== Data provided

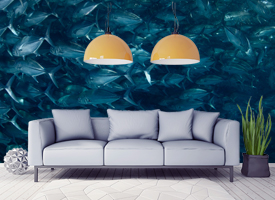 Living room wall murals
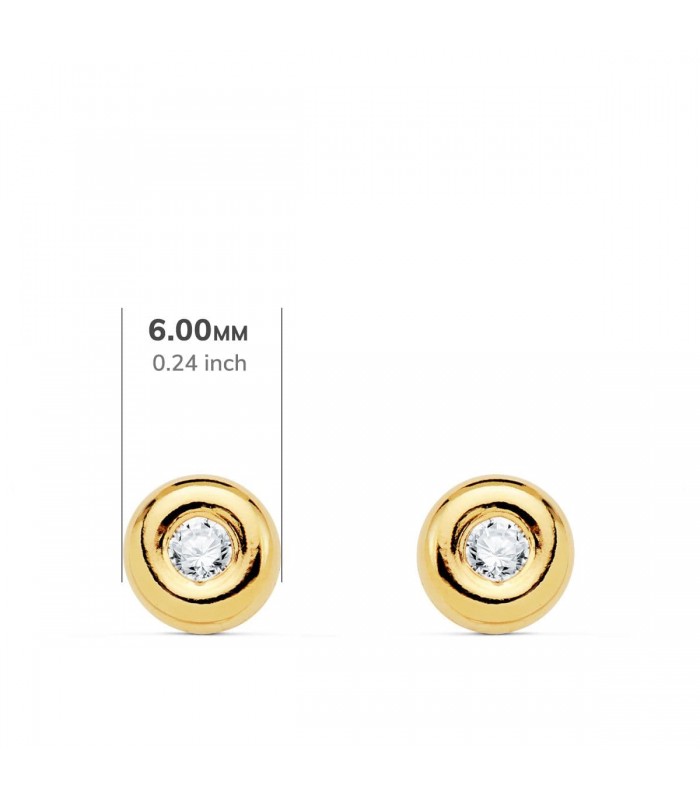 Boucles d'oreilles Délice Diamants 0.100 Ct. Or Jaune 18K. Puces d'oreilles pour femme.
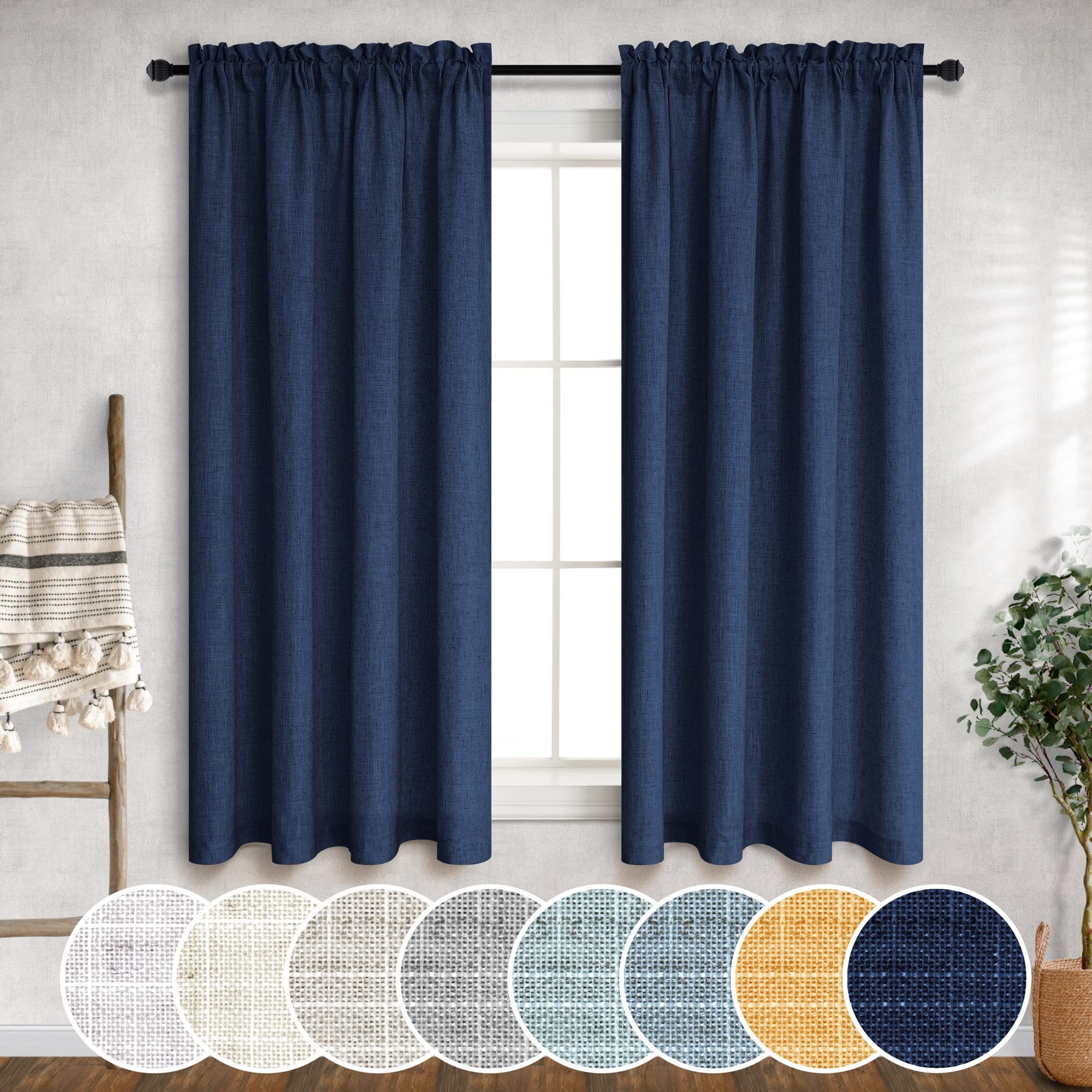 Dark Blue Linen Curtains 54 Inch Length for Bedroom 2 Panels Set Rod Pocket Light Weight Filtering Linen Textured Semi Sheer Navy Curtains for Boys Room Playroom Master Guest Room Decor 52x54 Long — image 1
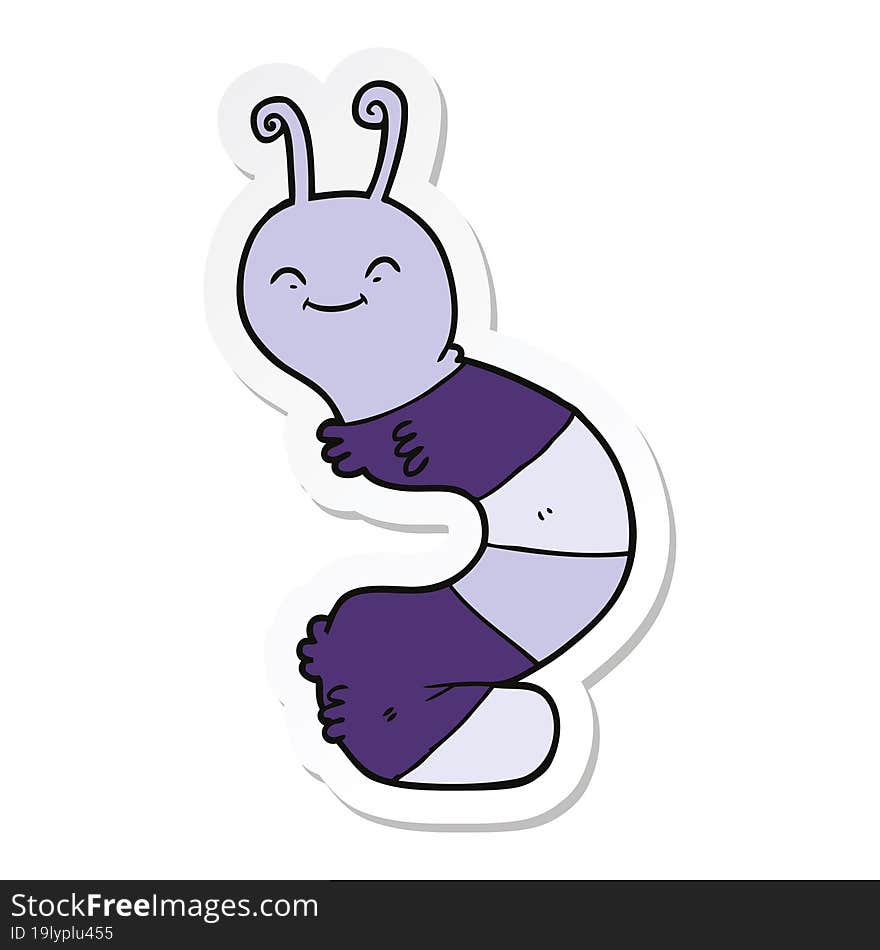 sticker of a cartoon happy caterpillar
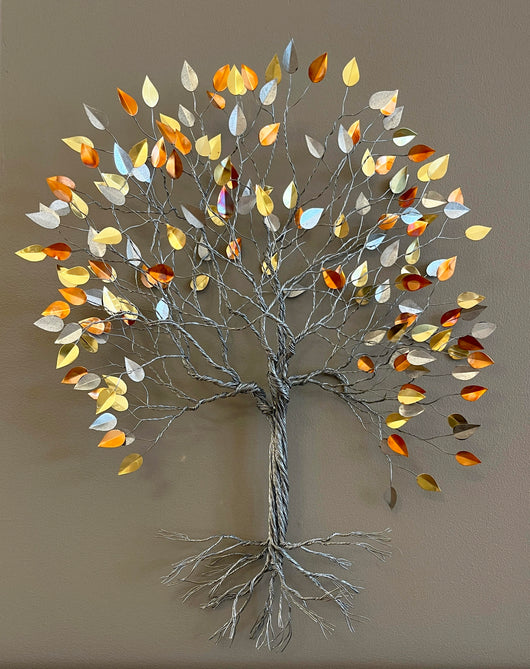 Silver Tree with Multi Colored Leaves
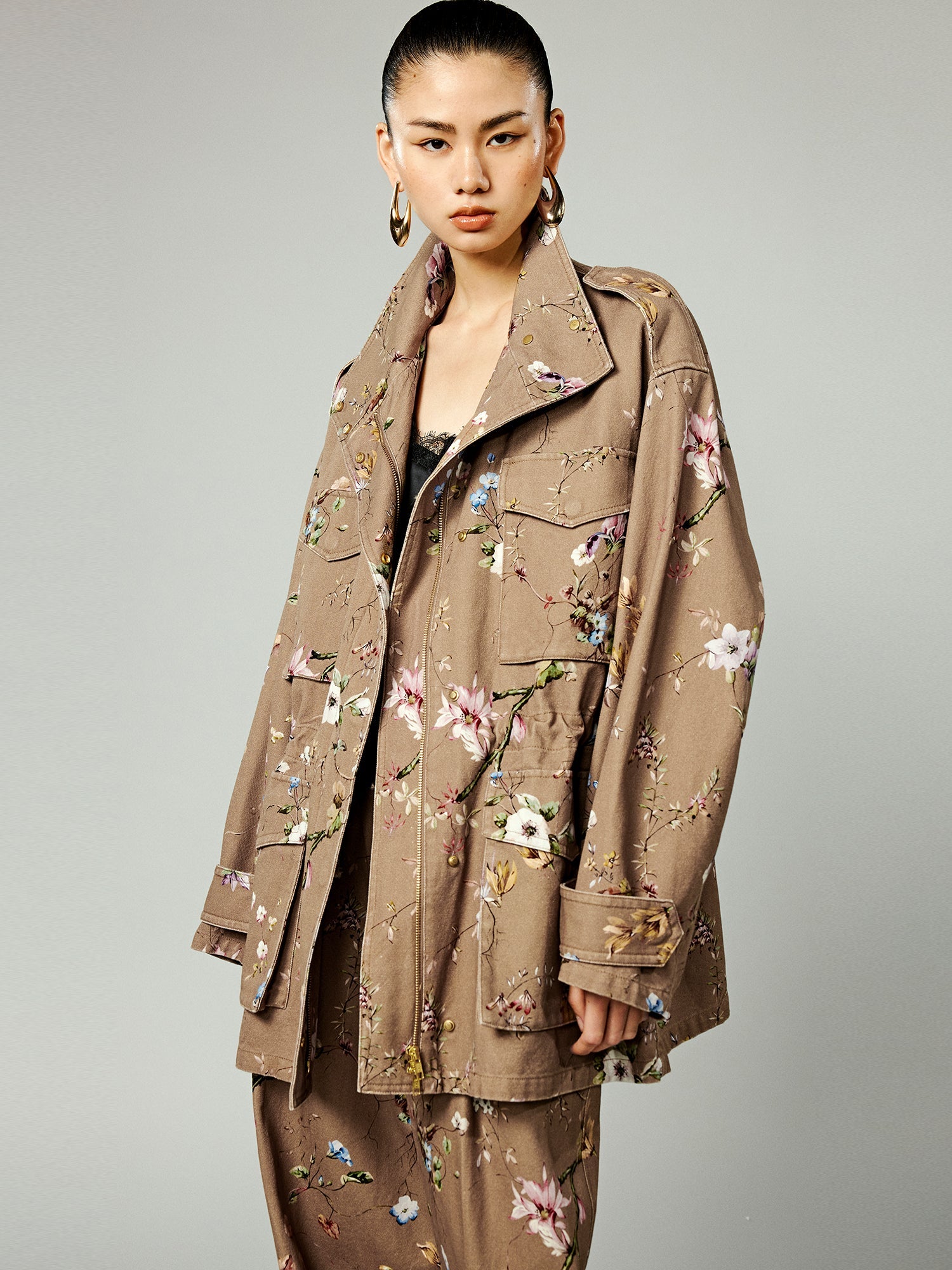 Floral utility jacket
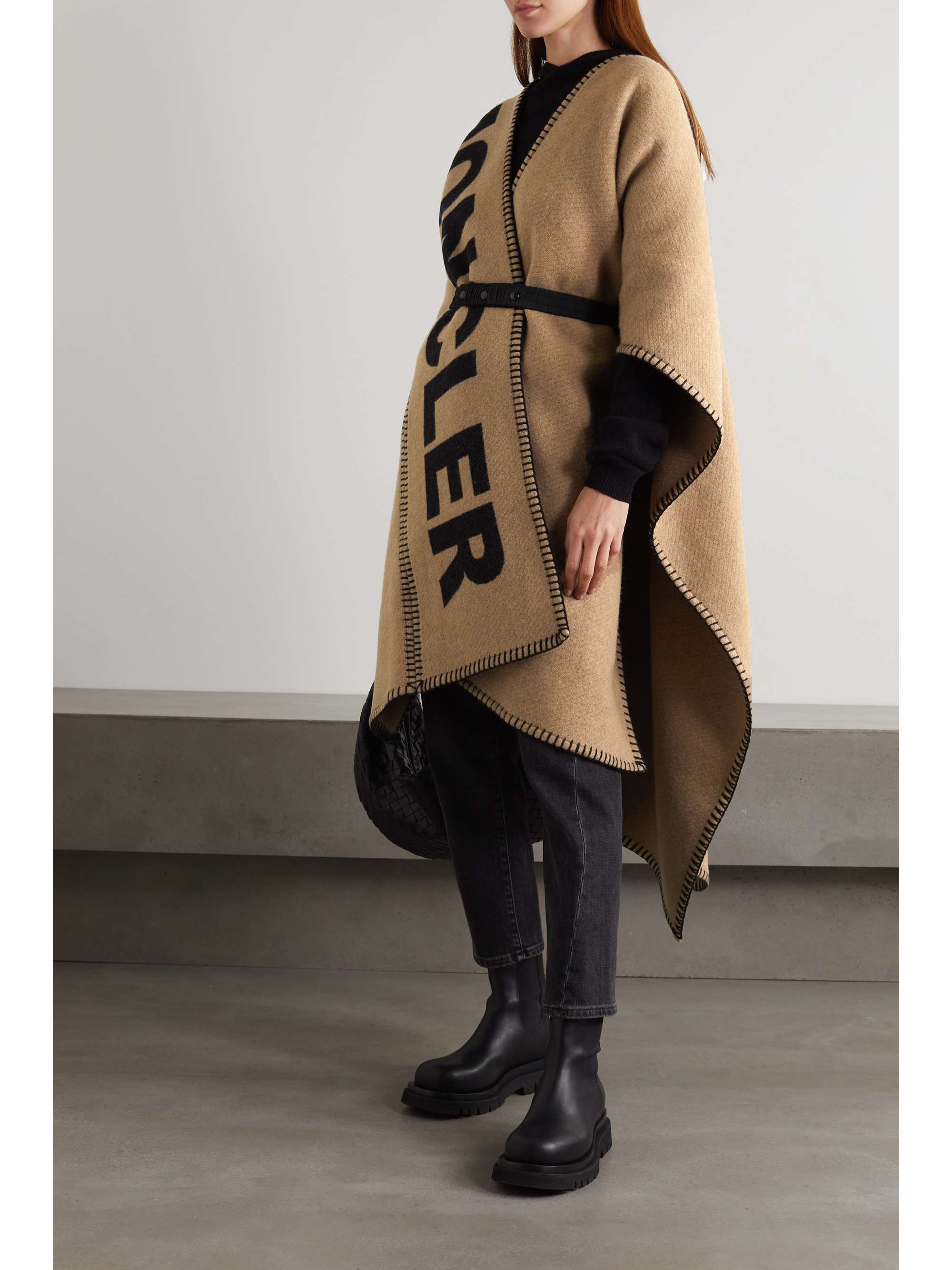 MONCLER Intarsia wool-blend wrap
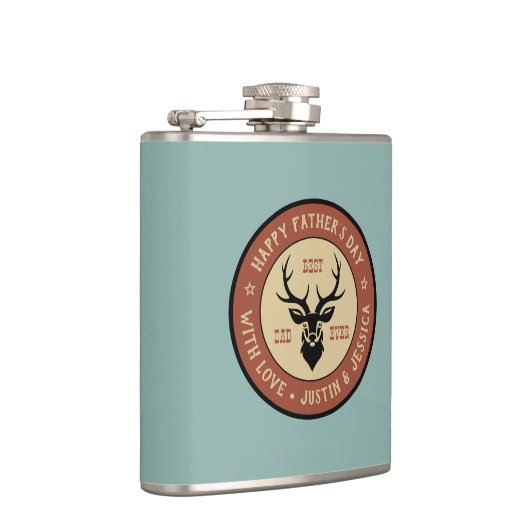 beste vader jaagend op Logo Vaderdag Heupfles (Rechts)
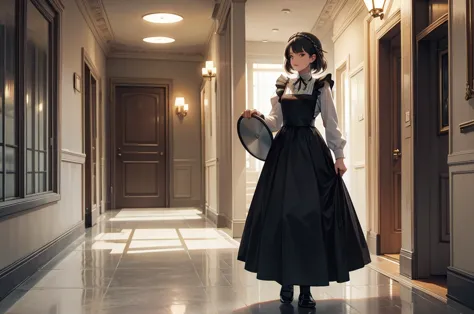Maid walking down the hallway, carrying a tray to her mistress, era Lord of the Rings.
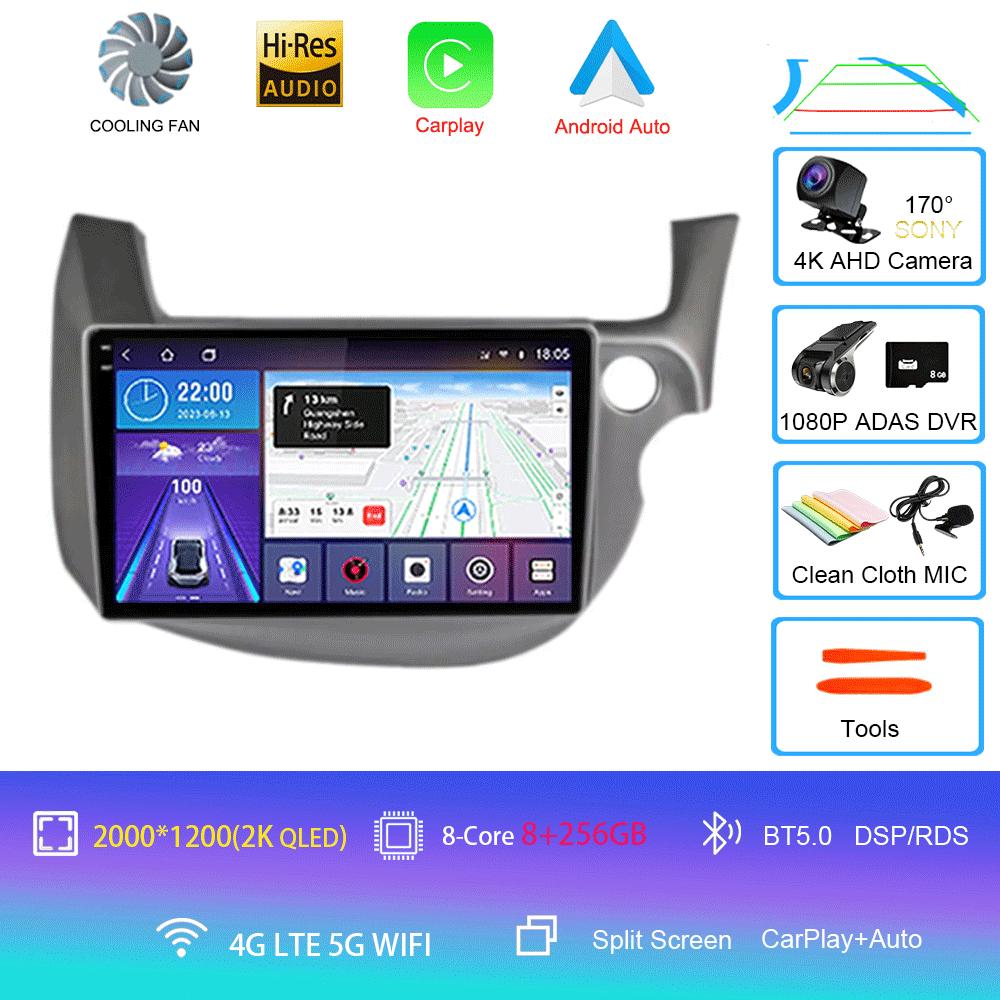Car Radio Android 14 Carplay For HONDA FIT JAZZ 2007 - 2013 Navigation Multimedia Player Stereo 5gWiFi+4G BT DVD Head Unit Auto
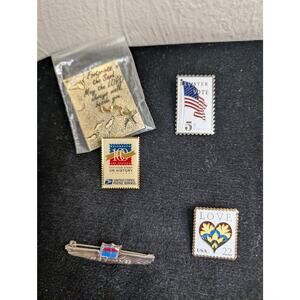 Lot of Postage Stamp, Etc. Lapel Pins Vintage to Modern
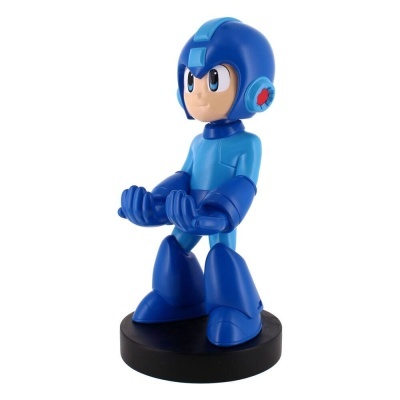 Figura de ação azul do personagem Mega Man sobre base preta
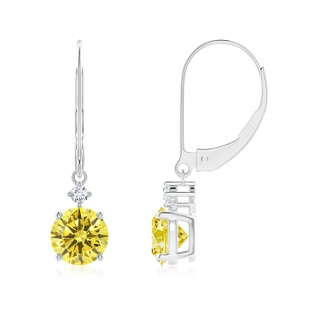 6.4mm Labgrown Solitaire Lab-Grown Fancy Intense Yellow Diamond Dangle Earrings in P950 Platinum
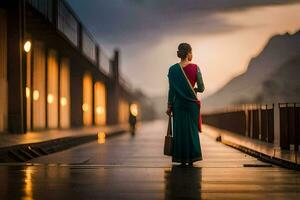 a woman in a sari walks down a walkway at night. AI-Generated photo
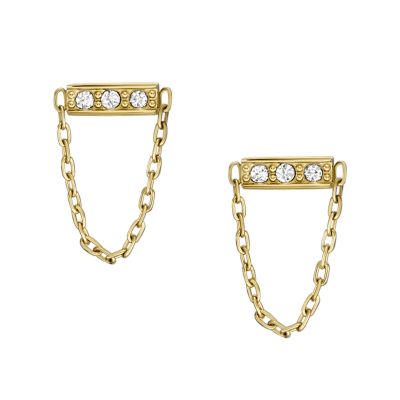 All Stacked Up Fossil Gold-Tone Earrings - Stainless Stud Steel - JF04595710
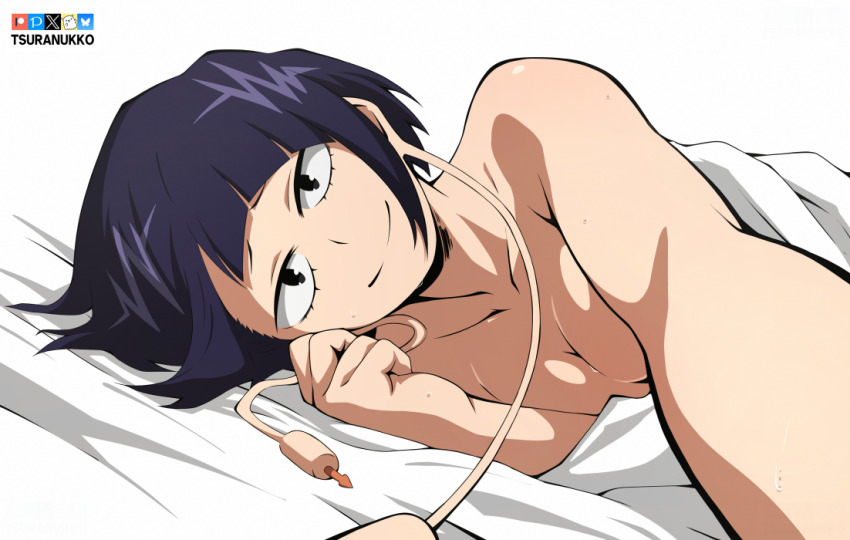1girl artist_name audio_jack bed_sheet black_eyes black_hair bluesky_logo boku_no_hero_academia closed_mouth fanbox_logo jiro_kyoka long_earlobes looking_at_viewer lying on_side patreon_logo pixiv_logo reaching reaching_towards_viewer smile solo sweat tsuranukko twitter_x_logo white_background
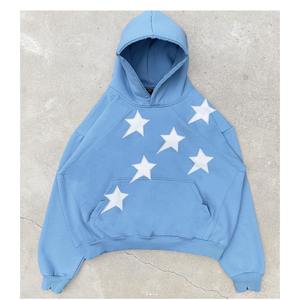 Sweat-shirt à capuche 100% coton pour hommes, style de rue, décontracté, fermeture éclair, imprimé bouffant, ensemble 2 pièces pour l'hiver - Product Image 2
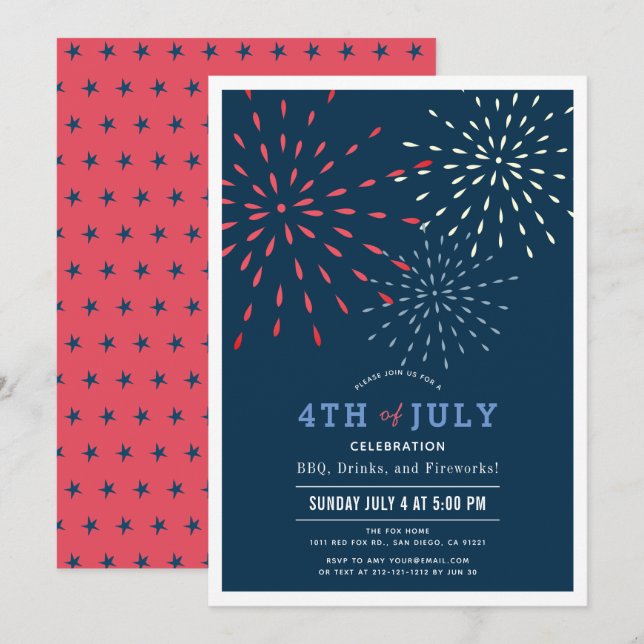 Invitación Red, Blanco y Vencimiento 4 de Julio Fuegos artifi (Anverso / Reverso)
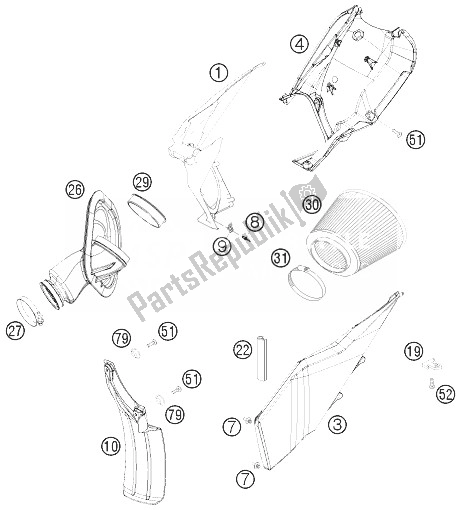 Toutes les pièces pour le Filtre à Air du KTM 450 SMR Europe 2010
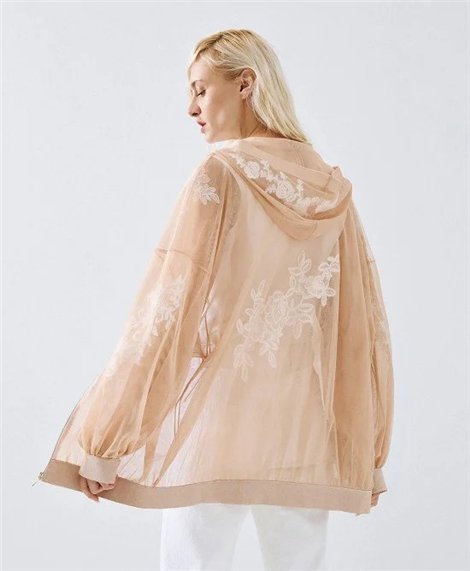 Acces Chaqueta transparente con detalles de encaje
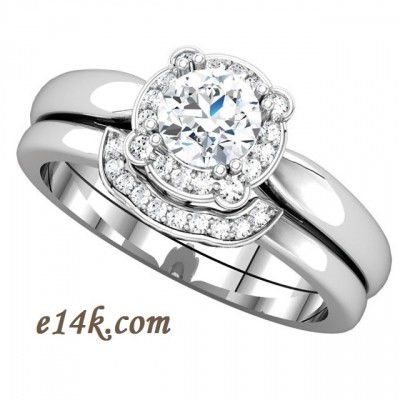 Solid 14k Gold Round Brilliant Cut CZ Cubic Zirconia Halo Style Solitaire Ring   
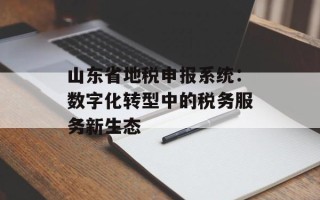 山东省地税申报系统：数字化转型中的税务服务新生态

====

### Exercise goal
Transcribe all of the material exactly, leaving out whatever pictures it contains.

### Answer to this exercise
 Living room wall murals
 Boucles d'oreilles Délice Diamants 0.100 Ct. Or Jaune 18K. Puces d'oreilles pour femme.
 Dark Blue Linen Curtains 54 Inch Length for Bedroom 2 Panels Set Rod Pocket Light Weight Filtering Linen Textured Semi Sheer Navy Curtains for Boys Room Playroom Master Guest Room Decor 52x54 Long — image 1
 sticker of a cartoon happy caterpillar
 Silver Tree with Multi Colored Leaves
 Floral utility jacket
 MONCLER Intarsia wool-blend wrap
 beste vader jaagend op Logo Vaderdag Heupfles (Rechts)
Maid walking down the hallway, carrying a tray to her mistress, era Lord of the Rings.
Car Radio Android 14 Carplay For HONDA FIT JAZZ 2007 - 2013 Navigation Multimedia Player Stereo 5gWiFi+4G BT DVD Head Unit Auto
 Lot of Postage Stamp, Etc. Lapel Pins Vintage to Modern
 Figura de ação azul do personagem Mega Man sobre base preta
 6.4mm Labgrown Solitaire Lab-Grown Fancy Intense Yellow Diamond Dangle Earrings in P950 Platinum
 a woman in a sari walks down a walkway at night. AI-Generated photo
 All Stacked Up Fossil Gold-Tone Earrings - Stainless Stud Steel - JF04595710
1girl artist_name audio_jack bed_sheet black_eyes black_hair bluesky_logo boku_no_hero_academia closed_mouth fanbox_logo jiro_kyoka long_earlobes looking_at_viewer lying on_side patreon_logo pixiv_logo reaching reaching_towards_viewer smile solo sweat tsuranukko twitter_x_logo white_background
 Sweat-shirt à capuche 100% coton pour hommes, style de rue, décontracté, fermeture éclair, imprimé bouffant, ensemble 2 pièces pour l'hiver - Product Image 2
 Invitación Red, Blanco y Vencimiento 4 de Julio Fuegos artifi (Anverso / Reverso)
 Toutes les pièces pour le Filtre à Air du KTM 450 SMR Europe 2010
 Acces Chaqueta transparente con detalles de encaje
 Solid 14k Gold Round Brilliant Cut CZ Cubic Zirconia Halo Style Solitaire Ring   
 山东省地税申报系统：数字化转型中的税务服务新生态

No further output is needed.